When Kate Wiegmann had her daughter in January 2018, she stayed home for 12 weeks but started checking emails almost immediately. This was a personal choice for the chief operating officer of RISE Collaborative Workspace. She said she missed the professional side of herself and couldn’t fully step away from the company she helped to build. When she returned to the office, she was pumping three times a day. She said that the company’s “mother’s room” was great, but she was surprised by the wardrobe changes she had to make.

“Most dresses were a no-go as they essentially require stripping down completely naked to pump. Silk or satin tops show any hint of breastmilk, and it’s smart to keep a backup outfit in your car or office just in case you have a drip, spill, or leak, because nothing spot cleans breastmilk,” she says. “Any top that could be pulled down—not up—became my outfit of choice, which was pretty much the opposite of my in-person breastfeeding wardrobe.” 

In addition to shifting her style, she also had a steep learning curve with pumping.

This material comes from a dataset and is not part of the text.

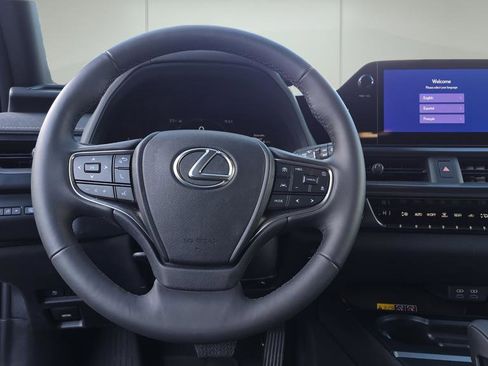 Used 2025 Lexus UX 300h AWD image 20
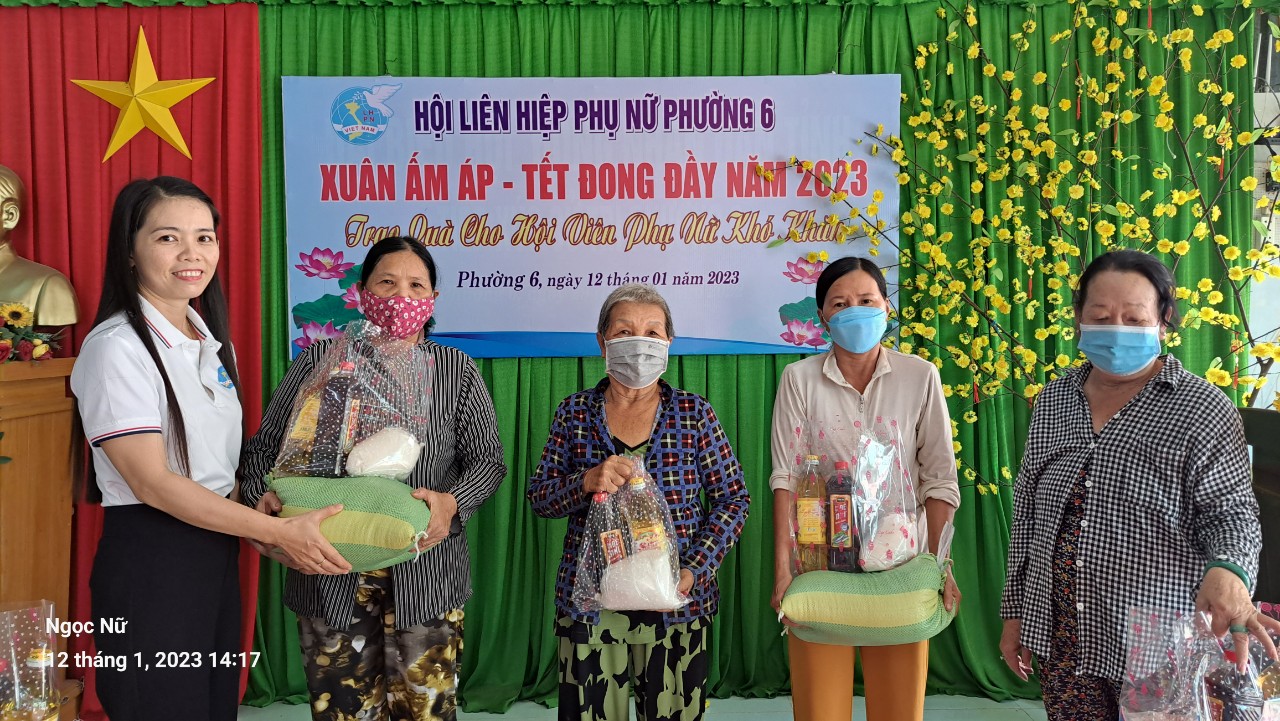Hội LHPN: Trao quà cho Hội viên Phụ nữ khó khăn nhân dịp tết Qúy Mão 2023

Even though she went to lactation classes, she felt unprepared for the ins and outs of returning to work and maintaining supply. She believes there should be more literature available to breastfeeding professionals, to help them to ask for better conditions and resources within their offices.

Traveling becomes more difficult

Plenty of executives and entrepreneurs must travel for work to grow their businesses or nurture client relationships. Cofounder and CEO of Birchbox Katia Beauchamp is a mom of four, and when she welcomed her first child into the world in 2014, she says she expected pumping to be hard. Not only are you hooked up to a machine that she says “makes you feel like a farm animal,” but you’re trying to be productive while doing it.

This makes hurdles—like wardrobe malfunctions, missing pumping parts, and so on—that much more strenuous. For Beauchamp, traveling took on a whole new level of stress. She says TSA has stopped her several times and accusingly asked where her baby was—as in “If this is breast milk, then prove it with a baby.” It doesn’t stop at security either; she’s found flight attendants to generally be less than accommodating as well.

Beauchamp says 99% of time, she’s met with a sigh at the request of ice or a place to store the milk. Similar problems arise in hotel rooms: “Did you know that refrigerators in hotel rooms are actually just chillers?” she says. “They don’t really make things cold, but they keep things cold. Your best option is to ask the hotel to put it in their freezer. Most of the time it’s fine, aside from a few of the grossed-out reactions I get from the concierge, or when they occasionally ‘misplace’ my milk.”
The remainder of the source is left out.